RENATA BALLERIO - 14/01/2022

antonioQuest’anno niente falò di sant’Antonio. È solo una notiziola locale? Risposta decisamente negativa. La festosa partecipazione a questa sagra popolare fatta di sapori antichi, i pesitt, i maialini di formaggio, le frittelle e le colorate bancarelle ha da anni il suo cuore nel grande falò in piazza della Motta. La festa è – documenti alla mano – già citata nel 1572 e rappresenta indiscutibilmente la magica potenza di un rito collettivo, identitario di una comunità, come tutti i riti. Una sorta di orologio sociale, come pare ricordarcelo l’etimologia di rito che è la stessa di ritmo. E se non potremo guardare il fuoco propiziatorio, nulla ci vieta di inseguire le faville dei ricordi e di qualche riflessioncella.

La storia di Antonio Abate è nota ai più ma offre sempre spunti di saggezza culturale: il che significa non dare mai nulla per scontato. Un articolo di qualche anno fa del Touring italiano segnalava che la Lombardia è una delle regioni italiane in cui si festeggia di più sant’Antonio. Se ci limitiamo alla provincia di Varese possiamo pensare a Viggiù, Mustonate, Saronno, Besozzo e a molti altri paesi. Ma forse dobbiamo pensare anche che il santo dalla barba bianca era egiziano e visse da eremita nella Tebaide, dove ora grosso modo c’è Luxor, sul Nilo, a 800 chilometri dal Mediterraneo. La sua presenza con sagre in tutta Italia, dalla Lombardia all’Abruzzo, dalla Liguria alla Sardegna ci ha fatto dimenticare la sua origine, che in termini moderni e spesso inutilmente classificatori sarebbe quella di un santo extra comunitario…

Ammesso che questa considerazione possa suonare una forzatura, Antonio, nato da una famiglia benestante, come ci ricorda il nome patrizio di origine romana, dovrebbe, però, insegnarci o testimoniarci che non possiamo mai dimenticare il valore delle origini.
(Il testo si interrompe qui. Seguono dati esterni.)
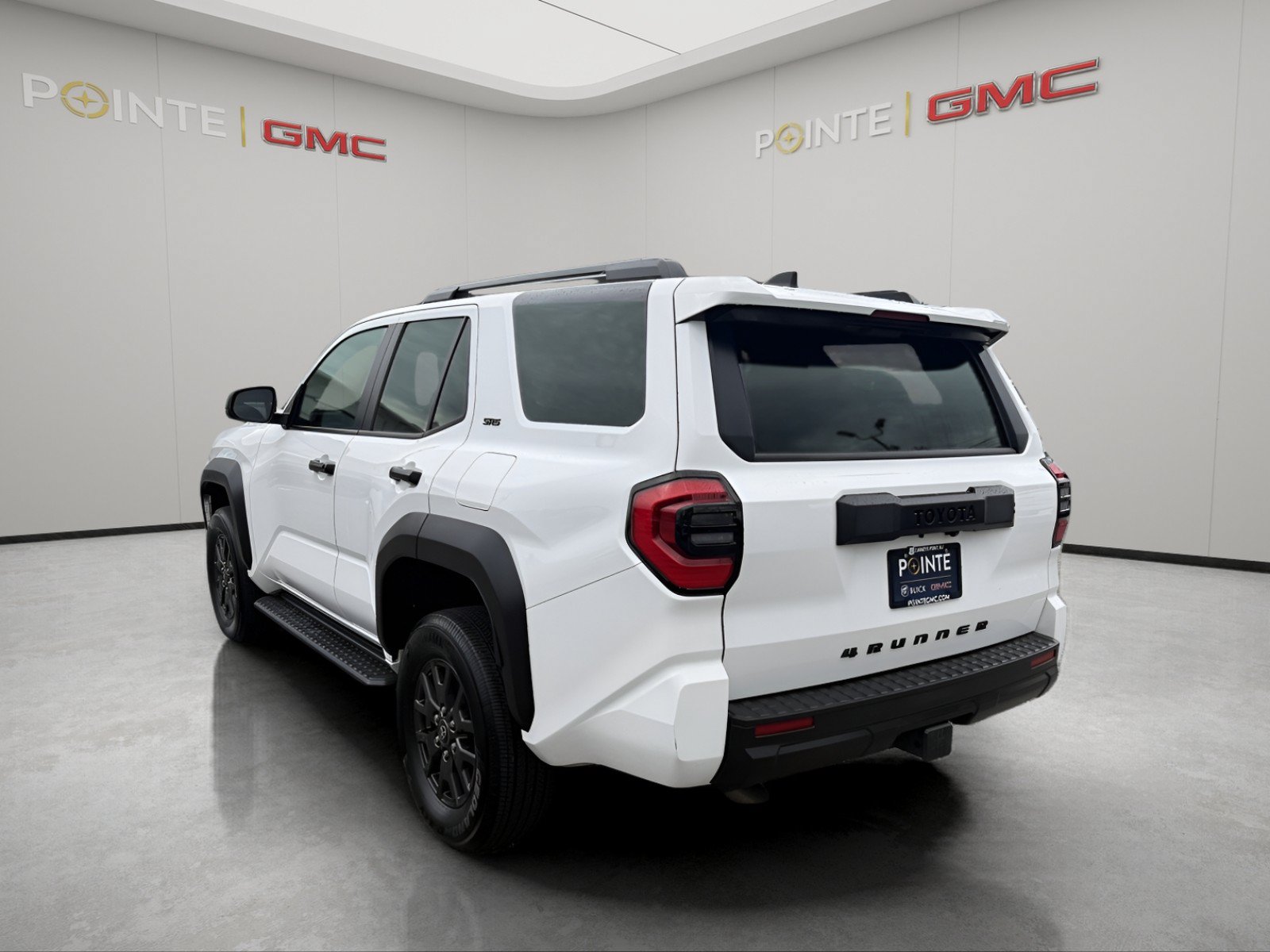 Used 2025 Toyota 4Runner SR5 AWD/4WD image 5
Ma da lui, o meglio dalle sagre a lui dedicate, dovremmo imparare tante altre cosucce, quali il sincretismo culturale, cioè la feconda unione e fusione di aspetti culturali diversi, che – strano a dirsi- rafforzano l’identità.

I falò, riti di purificazione, sono stati ereditati da feste romane di gennaio, le ferie sementine, ad esempio. E non fu difficile per la religiosità popolare dei contadini del Medioevo appropriarsi del rito di buon auspicio per le coltivazioni, in quel momento dell’anno in cui le giornate “si allungano” e si avviano verso la luce primaverile. E che dire dei simboli con cui viene rappresentato, sia nei santini della chiesa sia in grandi opere pittoriche, come quella di Pisanello: vera enciclopedia culturale. Un esempio per tutti: il porcellino. Forse è una libertà iconografica alimentata da molte leggende… il maialino guarito dall’eremita Antonio? Il porcellino che scappò all’inferno facendo disperare i diavoli che dovettero chiedere aiuto ad Antonio? È certo che il maiale in molte culture ha un significato ambivalente: significa abbondanza ma anche una serie di vere o presunte negatività, dalla lussuria alla sporcizia.
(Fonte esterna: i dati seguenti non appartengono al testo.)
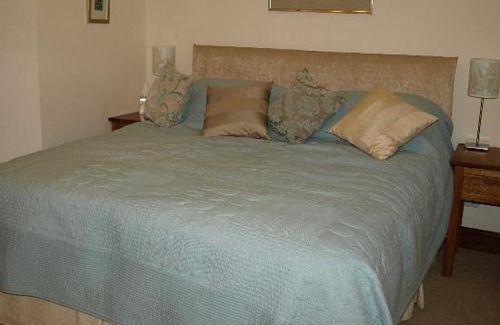 Biggleswade Hotel | Paradise Corner Hotel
Anzi fu spesso simbolo del rapporto tra terra e inferi. E allora perché mai Pisanello preferisce rappresentare l’eremita egiziano con un cinghiale? La storia di Antonio è davvero un mosaico di scoperte. Si dice che morì ultra centenario e il suo sepolcro fu segreto fino alla scoperta nel 561… le reliquie cominciarono una lunga migrazione: Alessandria, Costantinopoli fino in Francia nell’XI secolo, dove il suo culto si fuse con un rito celtico, caratterizzato dalla caccia all’immortale cinghiale bianco.
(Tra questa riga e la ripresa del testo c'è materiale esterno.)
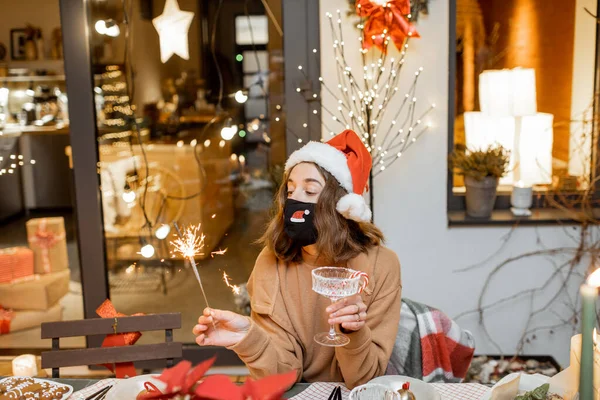 Vrouw op zelfisolatie viert nieuwjaarsvakantie thuis — Stockfoto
Certo che inseguire, anche solo con la mente, le faville del falò ci sta portando molto lontano. Ci può portare alle visioni del pittore Bosch o al surrealismo di Salvator Dalì, che dedicarono immagini potenti al taumaturgo e alle sue tentazioni. Perché, dunque, non leggere la tentazione di Sant’Antonio di Flaubert? Per alcuni un capolavoro, per altri un testo difficile ma importante per amare in modo diverso un eremita, o forse un uomo che ci aiuta a combattere, come lui fece, la solitudine del deserto.